DATA FOR PROCESSING -
((
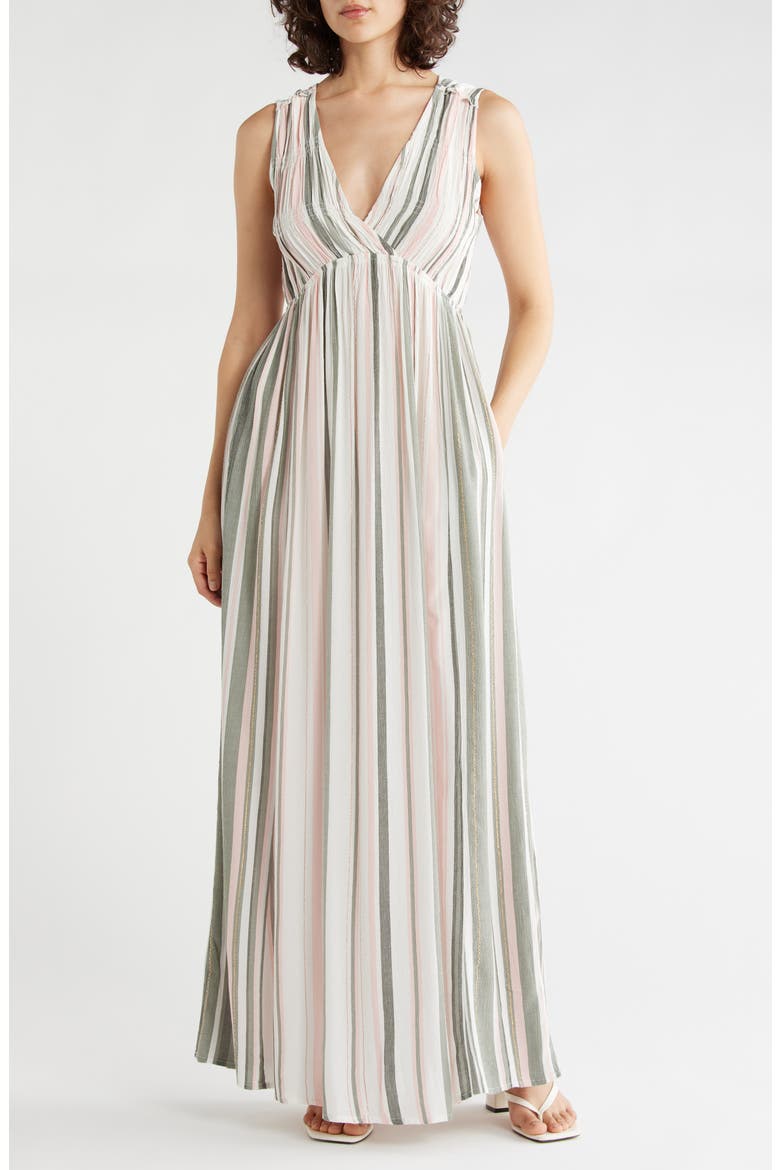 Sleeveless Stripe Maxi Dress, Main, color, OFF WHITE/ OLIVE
))
((
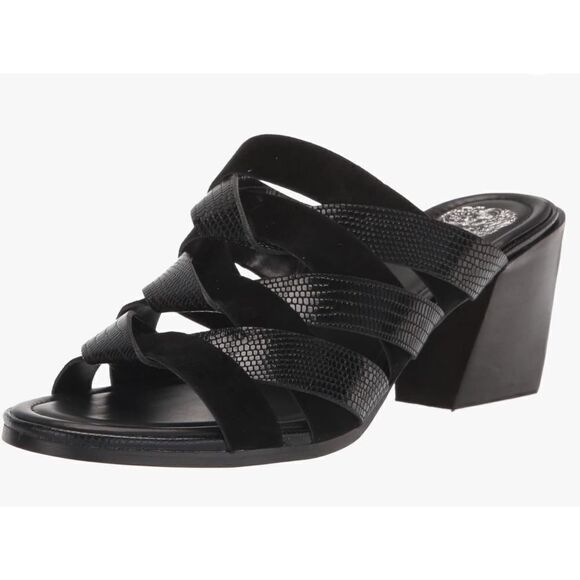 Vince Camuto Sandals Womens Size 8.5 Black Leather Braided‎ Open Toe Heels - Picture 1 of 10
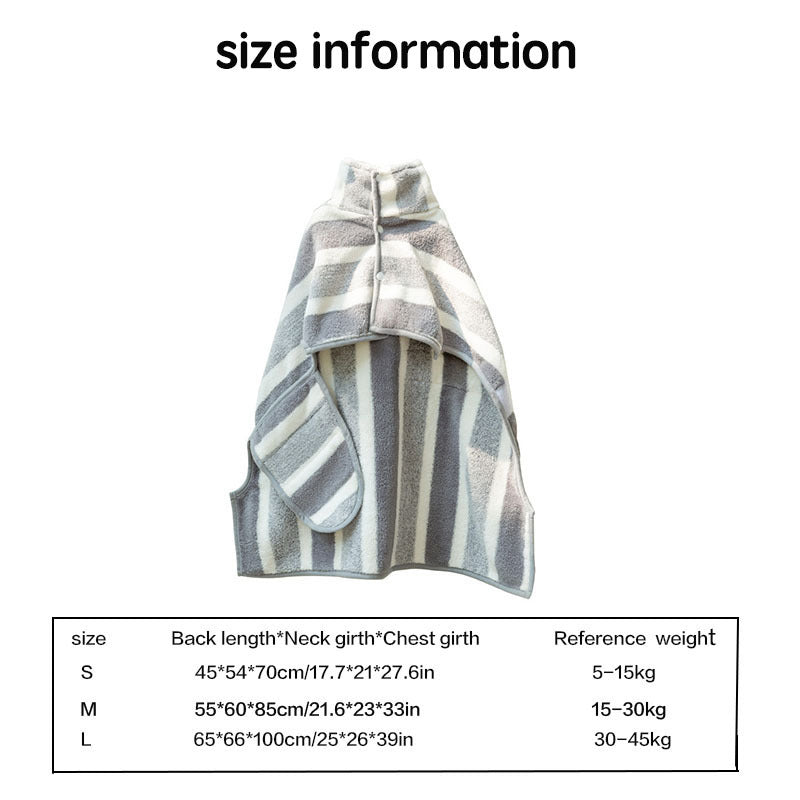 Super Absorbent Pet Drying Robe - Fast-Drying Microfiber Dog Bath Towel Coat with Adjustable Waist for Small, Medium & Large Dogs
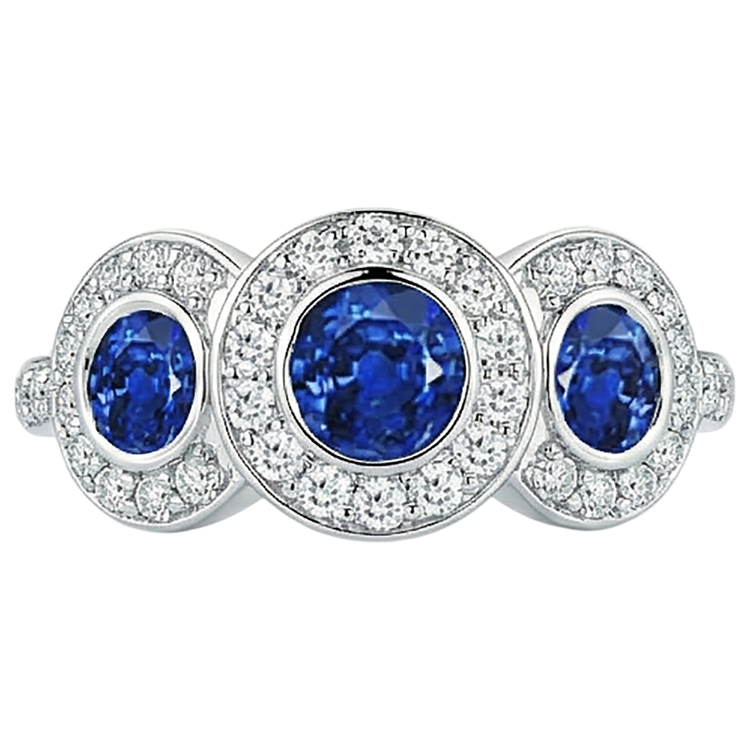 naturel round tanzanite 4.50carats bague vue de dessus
))
REQUIRED WORK - The material above holds pictures; leave them out and set down exactly the lines from the line with "Super Absorbent Pet" to the line with "naturel round tanzanite", both included.

ANSWER TO THIS EXERCISE -
 Super Absorbent Pet Drying Robe - Fast-Drying Microfiber Dog Bath Towel Coat with Adjustable Waist for Small, Medium & Large Dogs
 naturel round tanzanite 4.50carats bague vue de dessus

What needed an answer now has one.